Kelly’s NewsNation appearance will mark one of her first on a mainstream news outlet in an anchoring capacity in quite some time. After leaving Fox News in 2017 for a much-scrutinized stint at NBC News, she has worked on her own podcast – simulcast on SiriusXM – largely full time, making occasional commentator appearances on media outlets such as Newsmax. She told Variety in September that she remains an independent, but finds herself aligned with the right on many cultural issues. She also said that she does not see herself returning to TV on a regular basis.

The debate could lend NewsNation a boost in time for a business opportunity. All the cable-news outlets are expected to see subscribers decline in 2024, according to projections from Kagan, a market-research firm that is part of S&P Global Intelligence. But the run-up to next year’s presidential election is seen bringing new ad dollars. NewsNation’s subscriber base is seen falling to 62.6 million next year, according to Kagan, compared to a projection of 67.5 million for 2023. Ad dollars, however, are estimated to reach $74.8 million next year, compared with $73.9 million this year.

Nexstar plans to showcase as much of its portfolio as possible. The debate will be simulcast on the CW, the broadcast network Nexstar acquired in 2022, in the eastern and central time zones, with stations in the western U.S. offering a rebroadcast. SiriusXM, which streams Kelly’s regular show, will offer a live audio stream of the debate. On the day of the event, most of the NewsNation anchors will hold forth from Alabama. Cuomo and chief Washinton anchor Leland Vittert will lead a two-hour news special ahead of the debate broadcast as well as a post-event analysis program.
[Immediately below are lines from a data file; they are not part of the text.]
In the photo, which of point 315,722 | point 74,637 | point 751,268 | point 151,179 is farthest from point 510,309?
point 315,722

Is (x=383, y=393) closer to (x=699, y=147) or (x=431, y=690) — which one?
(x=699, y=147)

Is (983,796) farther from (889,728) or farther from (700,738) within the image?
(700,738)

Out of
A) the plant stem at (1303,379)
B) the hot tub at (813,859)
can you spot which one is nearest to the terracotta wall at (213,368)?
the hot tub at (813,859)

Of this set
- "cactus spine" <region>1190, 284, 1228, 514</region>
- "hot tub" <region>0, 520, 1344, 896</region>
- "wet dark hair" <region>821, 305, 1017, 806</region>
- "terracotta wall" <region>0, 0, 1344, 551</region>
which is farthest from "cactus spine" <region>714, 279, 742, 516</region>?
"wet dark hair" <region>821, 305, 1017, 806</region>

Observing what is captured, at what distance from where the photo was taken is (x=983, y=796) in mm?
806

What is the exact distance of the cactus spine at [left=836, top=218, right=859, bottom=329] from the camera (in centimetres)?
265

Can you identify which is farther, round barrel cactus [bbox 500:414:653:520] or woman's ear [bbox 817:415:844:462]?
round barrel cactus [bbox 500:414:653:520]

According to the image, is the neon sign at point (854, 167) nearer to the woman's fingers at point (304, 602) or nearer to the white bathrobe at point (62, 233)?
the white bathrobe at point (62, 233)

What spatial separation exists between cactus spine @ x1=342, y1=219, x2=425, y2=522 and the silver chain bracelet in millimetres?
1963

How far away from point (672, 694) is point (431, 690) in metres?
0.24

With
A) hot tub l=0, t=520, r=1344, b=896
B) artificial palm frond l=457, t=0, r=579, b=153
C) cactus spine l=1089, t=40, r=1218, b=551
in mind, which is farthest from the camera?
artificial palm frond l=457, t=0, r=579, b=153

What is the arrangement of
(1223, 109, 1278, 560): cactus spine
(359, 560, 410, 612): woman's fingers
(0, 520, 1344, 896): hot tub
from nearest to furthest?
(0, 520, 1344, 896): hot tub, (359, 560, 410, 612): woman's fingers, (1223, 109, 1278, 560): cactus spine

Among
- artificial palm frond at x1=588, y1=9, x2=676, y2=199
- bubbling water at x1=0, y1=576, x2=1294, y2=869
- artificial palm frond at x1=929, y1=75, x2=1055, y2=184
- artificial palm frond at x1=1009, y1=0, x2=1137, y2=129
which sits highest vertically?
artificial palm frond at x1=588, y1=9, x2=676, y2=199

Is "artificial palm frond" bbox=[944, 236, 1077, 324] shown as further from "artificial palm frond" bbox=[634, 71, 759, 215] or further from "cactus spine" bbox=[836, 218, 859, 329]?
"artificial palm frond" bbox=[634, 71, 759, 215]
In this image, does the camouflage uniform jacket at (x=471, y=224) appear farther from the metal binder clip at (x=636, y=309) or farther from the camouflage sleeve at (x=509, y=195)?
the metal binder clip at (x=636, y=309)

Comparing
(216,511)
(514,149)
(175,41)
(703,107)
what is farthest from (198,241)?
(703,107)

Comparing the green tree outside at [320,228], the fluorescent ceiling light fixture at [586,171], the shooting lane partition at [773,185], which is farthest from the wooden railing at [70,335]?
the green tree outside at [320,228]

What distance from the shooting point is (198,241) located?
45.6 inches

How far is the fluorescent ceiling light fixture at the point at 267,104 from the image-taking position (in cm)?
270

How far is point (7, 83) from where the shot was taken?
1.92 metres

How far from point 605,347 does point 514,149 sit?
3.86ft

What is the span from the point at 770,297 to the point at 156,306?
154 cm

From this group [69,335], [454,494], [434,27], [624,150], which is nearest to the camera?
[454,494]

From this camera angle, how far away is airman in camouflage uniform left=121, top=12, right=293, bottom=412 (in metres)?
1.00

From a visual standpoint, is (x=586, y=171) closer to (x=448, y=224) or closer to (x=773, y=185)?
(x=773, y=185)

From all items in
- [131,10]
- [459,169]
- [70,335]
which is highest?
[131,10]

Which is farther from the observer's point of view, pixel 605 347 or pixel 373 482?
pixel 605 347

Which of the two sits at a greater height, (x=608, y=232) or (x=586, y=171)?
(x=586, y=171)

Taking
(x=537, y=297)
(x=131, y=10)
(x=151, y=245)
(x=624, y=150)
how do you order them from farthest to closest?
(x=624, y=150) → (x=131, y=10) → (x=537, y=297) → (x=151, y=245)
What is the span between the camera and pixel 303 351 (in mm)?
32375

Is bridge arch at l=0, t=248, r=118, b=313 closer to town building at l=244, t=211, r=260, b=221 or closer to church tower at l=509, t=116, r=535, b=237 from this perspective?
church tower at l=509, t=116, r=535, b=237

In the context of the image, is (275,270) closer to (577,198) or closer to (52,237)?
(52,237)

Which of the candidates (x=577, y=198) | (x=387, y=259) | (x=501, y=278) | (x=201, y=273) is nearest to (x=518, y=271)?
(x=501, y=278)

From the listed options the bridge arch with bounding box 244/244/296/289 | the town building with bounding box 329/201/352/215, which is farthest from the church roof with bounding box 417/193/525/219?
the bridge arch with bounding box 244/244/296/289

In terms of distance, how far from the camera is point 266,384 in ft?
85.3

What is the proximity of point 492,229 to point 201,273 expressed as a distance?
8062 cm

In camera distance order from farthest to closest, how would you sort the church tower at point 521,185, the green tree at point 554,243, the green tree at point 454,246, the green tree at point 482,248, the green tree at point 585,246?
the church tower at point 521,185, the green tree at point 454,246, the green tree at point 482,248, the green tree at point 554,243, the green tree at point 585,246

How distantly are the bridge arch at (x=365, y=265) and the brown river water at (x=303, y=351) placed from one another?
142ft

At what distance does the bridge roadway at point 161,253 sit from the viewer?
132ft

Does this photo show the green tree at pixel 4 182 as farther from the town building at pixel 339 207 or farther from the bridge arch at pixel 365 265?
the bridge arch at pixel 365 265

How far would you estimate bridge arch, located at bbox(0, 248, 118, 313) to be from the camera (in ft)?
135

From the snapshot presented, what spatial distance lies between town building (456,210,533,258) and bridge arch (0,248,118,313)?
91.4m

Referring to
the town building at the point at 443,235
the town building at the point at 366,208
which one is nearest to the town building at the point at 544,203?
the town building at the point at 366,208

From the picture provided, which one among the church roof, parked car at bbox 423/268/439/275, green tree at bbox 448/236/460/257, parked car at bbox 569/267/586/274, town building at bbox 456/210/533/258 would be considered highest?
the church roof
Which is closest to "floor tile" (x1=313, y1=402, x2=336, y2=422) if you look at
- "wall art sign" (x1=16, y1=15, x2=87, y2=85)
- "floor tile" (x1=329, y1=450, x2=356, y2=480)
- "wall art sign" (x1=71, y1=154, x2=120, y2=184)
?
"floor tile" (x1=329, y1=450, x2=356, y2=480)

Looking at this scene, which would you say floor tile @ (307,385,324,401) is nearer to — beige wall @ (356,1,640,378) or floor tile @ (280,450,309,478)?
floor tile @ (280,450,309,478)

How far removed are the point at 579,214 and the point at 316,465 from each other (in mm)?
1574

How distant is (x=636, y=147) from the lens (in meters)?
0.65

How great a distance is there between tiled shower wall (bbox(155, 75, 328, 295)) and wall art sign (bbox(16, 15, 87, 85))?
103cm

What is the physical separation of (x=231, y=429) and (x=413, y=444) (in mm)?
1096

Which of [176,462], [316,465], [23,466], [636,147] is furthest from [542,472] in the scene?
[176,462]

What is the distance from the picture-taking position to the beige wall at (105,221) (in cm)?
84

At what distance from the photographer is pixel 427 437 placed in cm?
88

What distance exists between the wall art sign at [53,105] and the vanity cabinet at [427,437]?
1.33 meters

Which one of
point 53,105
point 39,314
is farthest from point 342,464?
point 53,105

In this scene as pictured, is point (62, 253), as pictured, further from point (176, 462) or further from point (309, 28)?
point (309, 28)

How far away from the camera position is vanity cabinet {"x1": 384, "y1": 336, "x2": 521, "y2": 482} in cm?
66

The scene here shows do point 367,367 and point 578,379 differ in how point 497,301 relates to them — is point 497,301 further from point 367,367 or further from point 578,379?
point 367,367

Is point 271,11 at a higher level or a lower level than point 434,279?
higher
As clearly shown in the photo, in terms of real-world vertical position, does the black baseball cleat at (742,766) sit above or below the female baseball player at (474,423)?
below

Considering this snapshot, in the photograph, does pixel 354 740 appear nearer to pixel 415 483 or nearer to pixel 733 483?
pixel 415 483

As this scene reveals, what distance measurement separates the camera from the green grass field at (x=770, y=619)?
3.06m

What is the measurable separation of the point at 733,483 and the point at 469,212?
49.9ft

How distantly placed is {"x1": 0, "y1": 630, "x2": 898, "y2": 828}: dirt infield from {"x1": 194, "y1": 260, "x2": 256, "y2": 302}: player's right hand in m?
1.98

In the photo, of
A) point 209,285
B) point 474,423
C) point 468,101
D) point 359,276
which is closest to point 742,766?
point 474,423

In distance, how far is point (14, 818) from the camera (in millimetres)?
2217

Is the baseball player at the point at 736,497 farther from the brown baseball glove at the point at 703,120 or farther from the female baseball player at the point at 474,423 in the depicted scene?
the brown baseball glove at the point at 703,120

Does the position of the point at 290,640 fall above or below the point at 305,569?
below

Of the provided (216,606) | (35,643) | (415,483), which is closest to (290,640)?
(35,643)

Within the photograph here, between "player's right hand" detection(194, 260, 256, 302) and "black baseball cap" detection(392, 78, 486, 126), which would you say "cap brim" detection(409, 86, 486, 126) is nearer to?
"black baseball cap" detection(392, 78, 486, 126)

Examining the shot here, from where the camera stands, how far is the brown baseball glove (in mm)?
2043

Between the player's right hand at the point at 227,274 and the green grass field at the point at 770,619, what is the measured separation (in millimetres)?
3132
Former President Trump is not expected to attend. He has yet to take part in this cycle of primaries. But he is bound to come up, says Vargas. “We will definitely be asking questions about Donald Trump,” she says. “I think that is something that will be different in this debate.”

NewsNation’s Corn thinks the trio of moderators will be able to push the candidates to get real. “I’m not really worked about what we know is shtick,” he says. “We are there for substance. That’s the hope for the night.” And, no doubt, for some new visitors to NewsNation to stick around a little longer.